María arroja a Anabel fuera del ring y continúa golpeándola en el suelo. Ninguna parece lastimada de verdad. El público las alienta y no disimula las carcajadas.
Cientos, algunos con disfraces, van llegando conforme transcurre la pelea. Ven el ring y siguen de largo: prefieren entrar a bailar. La fiesta que tuvo la lucha de cholitas como preámbulo se llama Electro Preste y está empezando.
Celebración comunitaria
Un preste es una fiesta comunitaria dedicada a un patrono y organizada por una persona o pareja de prestigio, especialmente entre la burguesía indígena aimara. Son varios días de música, alcohol y opulencia.
Sin embargo, no durará más de ocho horas y tiene una particularidad: combina folclor andino con música electrónica, carnaval con disc jockeys.
Su objetivo es “pelear contra el racismo, que la gente se una de distintas partes de la ciudad, crear integración, obviamente respetando mucho nuestra cultura, pero fusionándola con la música electrónica”, explica la organizadora, Ivana Alvestegui, de 30 años y conocida como DJ Iva.
Tras mostrar su entrada, cada persona se topa con cinco mujeres de sombrero y vestidos rojos que la llenarán de confeti y serpentinas. Son alumnas de la escuela de modelaje para cholitas, que promueve la vestimenta andina.
El interior del cholet está lleno de espejos y luces de todos colores. Se hace de noche y ya hay miles bailando al ritmo de los Andes y el tecno.

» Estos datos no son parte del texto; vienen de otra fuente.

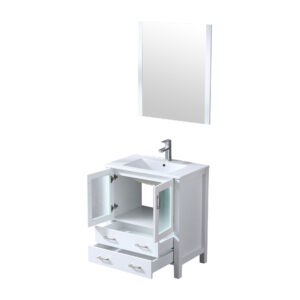 Volez 30W x 18.25D White Bath Vanity, White Ceramic Top, Faucet Set, and 28Mirror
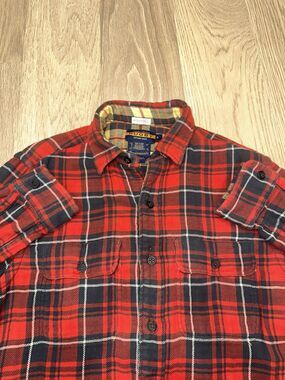 Rugby Ralph Lauren Reversible Plaid Shirt Red Yellow Mens S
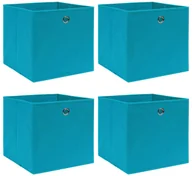 Pudła i pojemniki do przechowywania - Zestaw 4 składanych pudełek błękitny B6-Z51 - miniaturka - grafika 1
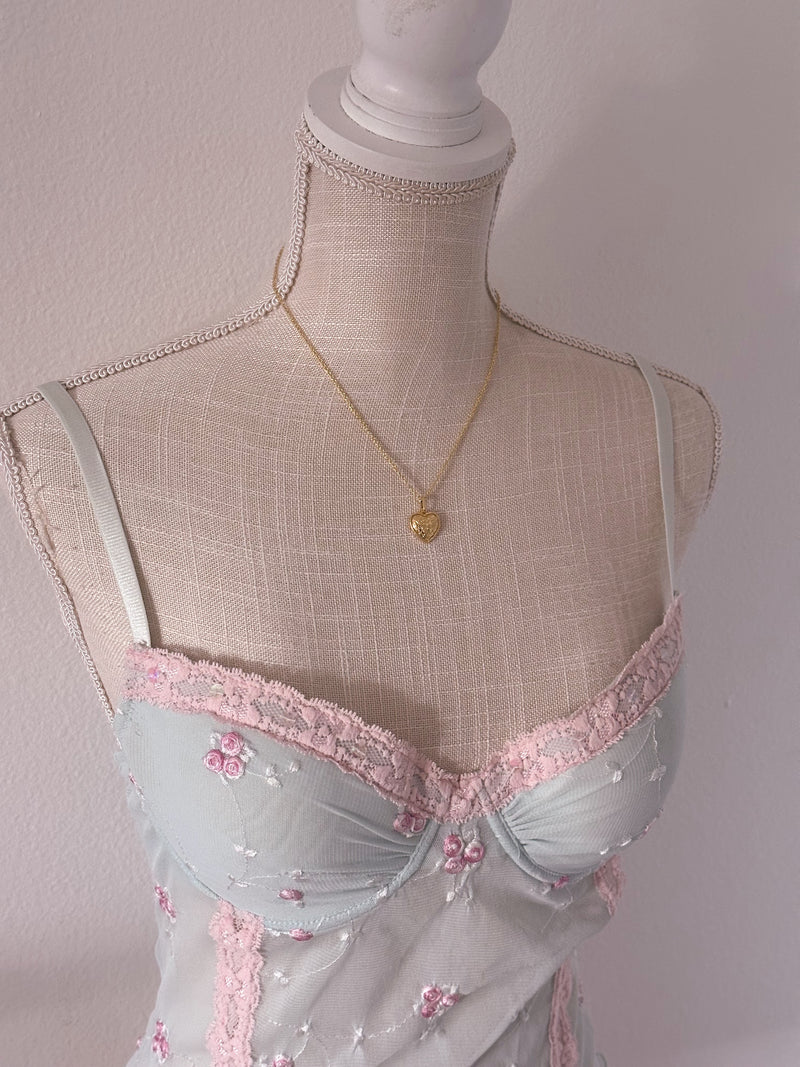 Vintage Victoria's Secret, pale, blue and pink corset top size: 36 C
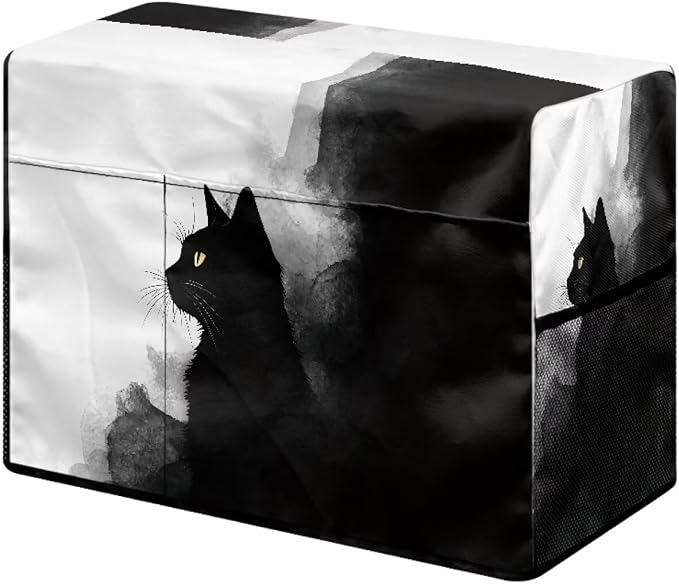 Ink Painting Cat Patterned Sewing Machine Cover Fit Standard Sewing Machines, Features a Convenient Mesh Pocket for Accessories, Adds a Touch of Artistic Flair to Your Sewing Space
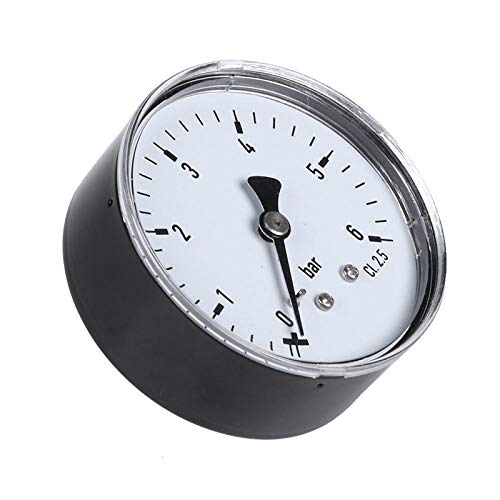Mini manómetro de alta precisión de 0-6 bar Probador de presión de montaje de rosca de 1/4 Npt Compatible con agua líquida de aceite de aire de combustible (Color : Black) (Black)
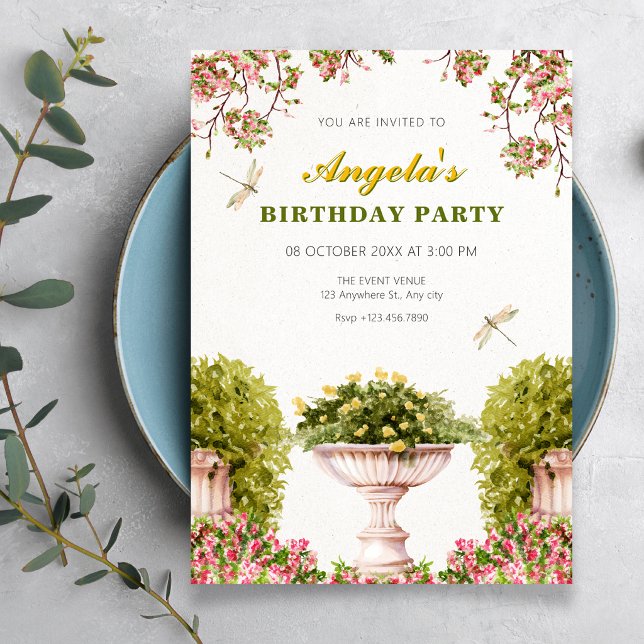 Aquarell-Garten-Geburtstag Einladung (Von Creator hochgeladen)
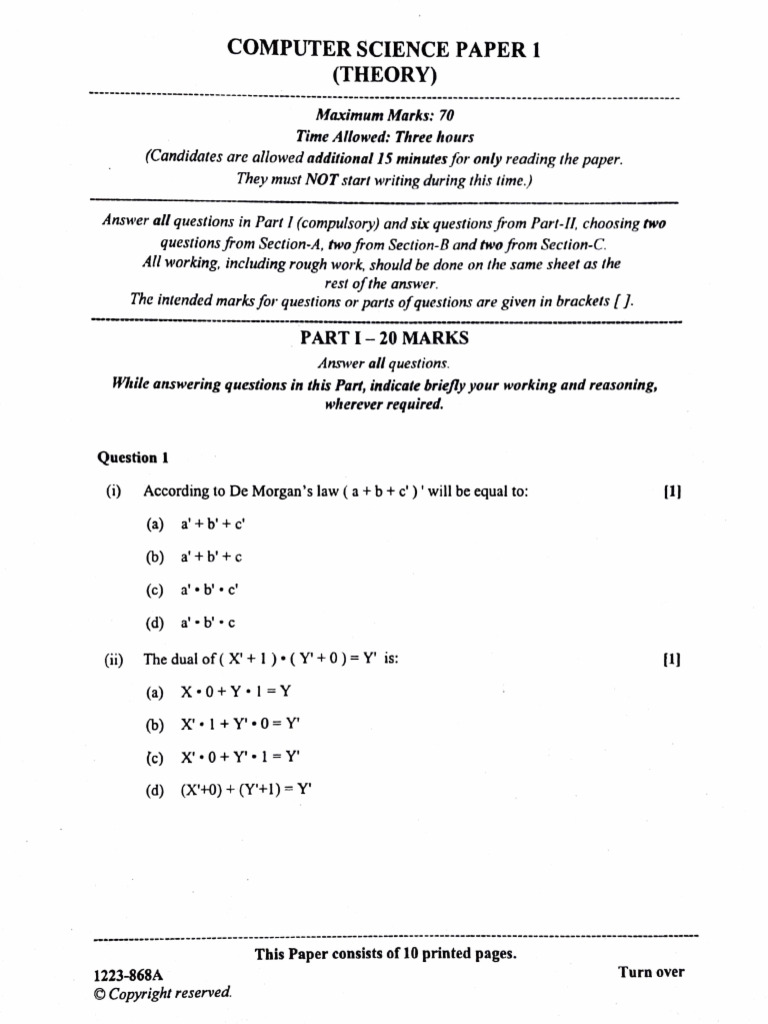 Computer Science ISC 2023 Paper - 251220 - 180207 | PDF | Method ...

A veces, uno; de a ratos, el otro; por momentos, los dos juntos.
La banda que había tocado más temprano se rearma y entra desfilando al salón, escoltada por bailarinas y personajes típicos del carnaval de Bolivia: ángeles, diablos y osos.

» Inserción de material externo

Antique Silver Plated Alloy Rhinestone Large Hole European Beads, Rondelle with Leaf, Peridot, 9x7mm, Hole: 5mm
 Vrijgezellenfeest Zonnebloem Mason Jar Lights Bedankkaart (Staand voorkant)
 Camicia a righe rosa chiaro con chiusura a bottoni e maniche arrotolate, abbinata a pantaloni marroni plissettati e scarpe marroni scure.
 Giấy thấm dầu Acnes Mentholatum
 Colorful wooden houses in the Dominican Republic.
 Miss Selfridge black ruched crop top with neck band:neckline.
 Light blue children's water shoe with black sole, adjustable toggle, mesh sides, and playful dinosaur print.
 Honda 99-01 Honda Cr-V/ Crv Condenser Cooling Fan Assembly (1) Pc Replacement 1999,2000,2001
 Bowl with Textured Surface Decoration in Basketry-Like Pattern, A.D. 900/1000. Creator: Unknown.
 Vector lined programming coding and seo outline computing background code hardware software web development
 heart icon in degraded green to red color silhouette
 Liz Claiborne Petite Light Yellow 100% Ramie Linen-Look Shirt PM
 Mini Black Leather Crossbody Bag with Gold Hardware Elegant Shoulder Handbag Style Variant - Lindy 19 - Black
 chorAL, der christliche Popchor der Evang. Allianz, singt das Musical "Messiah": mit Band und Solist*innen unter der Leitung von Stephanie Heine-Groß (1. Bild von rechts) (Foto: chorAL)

Miles de vasos y latas de cerveza cubren mesas y asientos.
El Electro Preste “es fusión cultural, integración y su objetivo es hacer que la gente se enamore de sus raíces bolivianas”, dice Aníbal Aguilar, o DJ Animal Print, que a los 46 años lo organiza por sexta vez junto con su colega Iva.
Pero es una fiesta de élite: de los casi 12 millones de bolivianos, más de un tercio bajo la línea de pobreza, muy pocos, pueden pagar 36 dólares por una entrada.